Aquello que te hace diferente

Últimamente pienso mucho en eso. En cómo pasamos media vida intentando encajar, suavizar partes de nosotros o hacer las cosas “como toca”, cuando probablemente lo más interesante siempre estuvo justo en aquello que nos hacía distintos.


En diseño pasa constantemente.


Hay una tendencia muy fuerte a simplificarlo todo, a seguir fórmulas que funcionan, referencias que ya sabemos que gustan o estilos que están de moda. Y sí, muchas veces queda bonito. Correcto. Limpio. Pero también bastante olvidable.


Lo difícil no es hacer algo bonito. Lo difícil es hacer algo que tenga personalidad. Que transmita una mirada concreta. Que alguien lo vea y sienta que detrás hay sensibilidad, intención y una forma real de entender las cosas.


Y creo que eso solo aparece cuando dejas de intentar parecerte demasiado a los demás.

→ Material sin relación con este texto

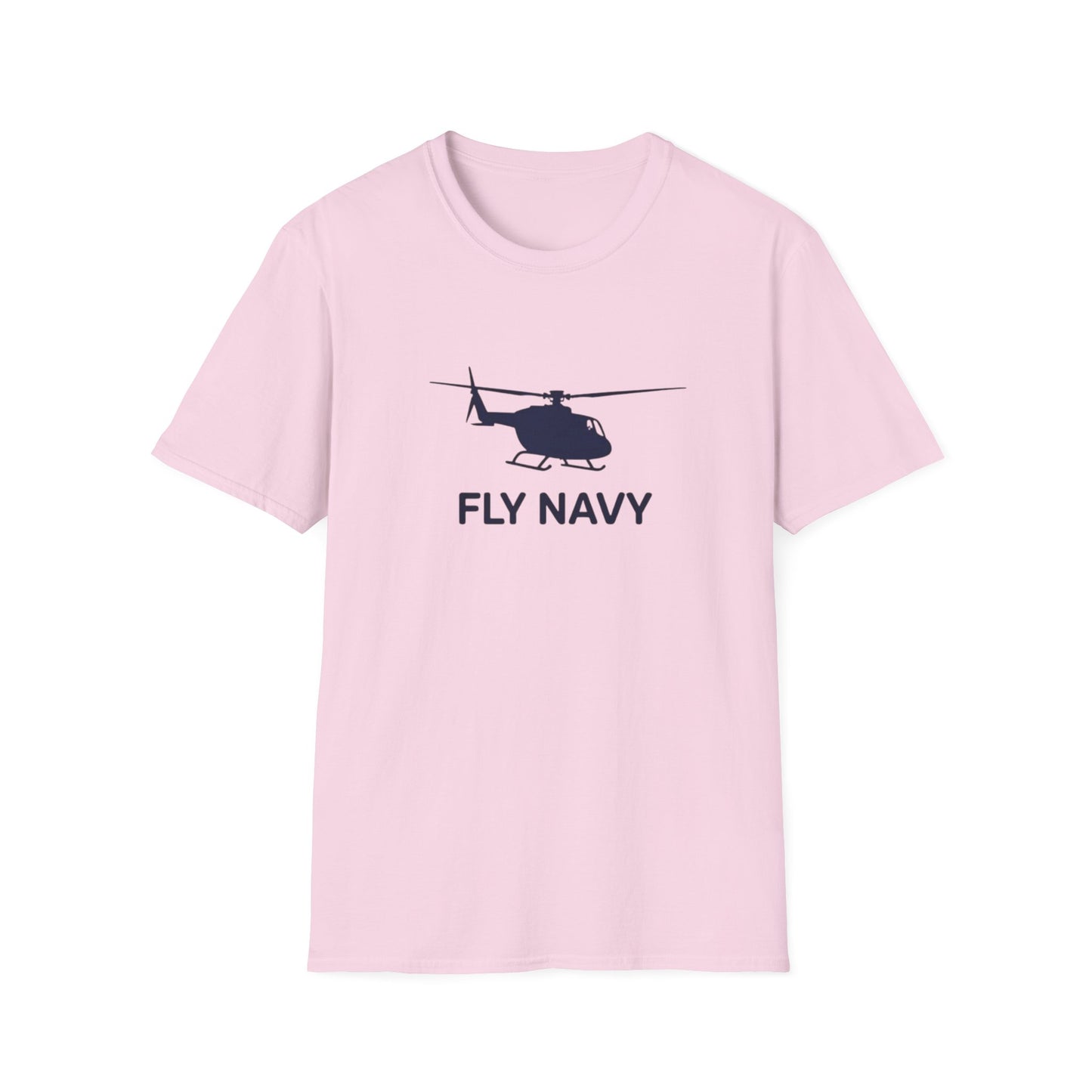 Navy Helicopter T-Shirt | Fly Navy Tee | Unisex Softstyle T-Shirt | Military Gift | Aviation Lover Apparel | Casual Everyday Wear | [...]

Esta imagen me gustó precisamente por eso. Tiene algo raro, exagerado y casi infantil, pero a la vez muy delicado. No intenta ser minimalista, ni perfecta, ni moderna de una forma obvia. Tiene personalidad propia. Su propio lenguaje. Su pequeño mundo.


Y me hizo pensar que muchas veces lo que más intentamos esconder de nosotros mismos es precisamente lo que más nos diferencia. La sensibilidad. La forma de hablar. Las obsesiones. La manera de trabajar. Incluso ciertas inseguridades o contradicciones.


Con el tiempo también he entendido que construir algo propio —una marca, un estudio o incluso una vida— tiene mucho más que ver con aceptar eso que con esconderlo.


Porque al final, cuando todo empieza a parecerse demasiado, lo único que realmente destaca es aquello que se atreve a ser un poco diferente.

Y quizá ahí es donde empiezan las cosas que de verdad dejan huella.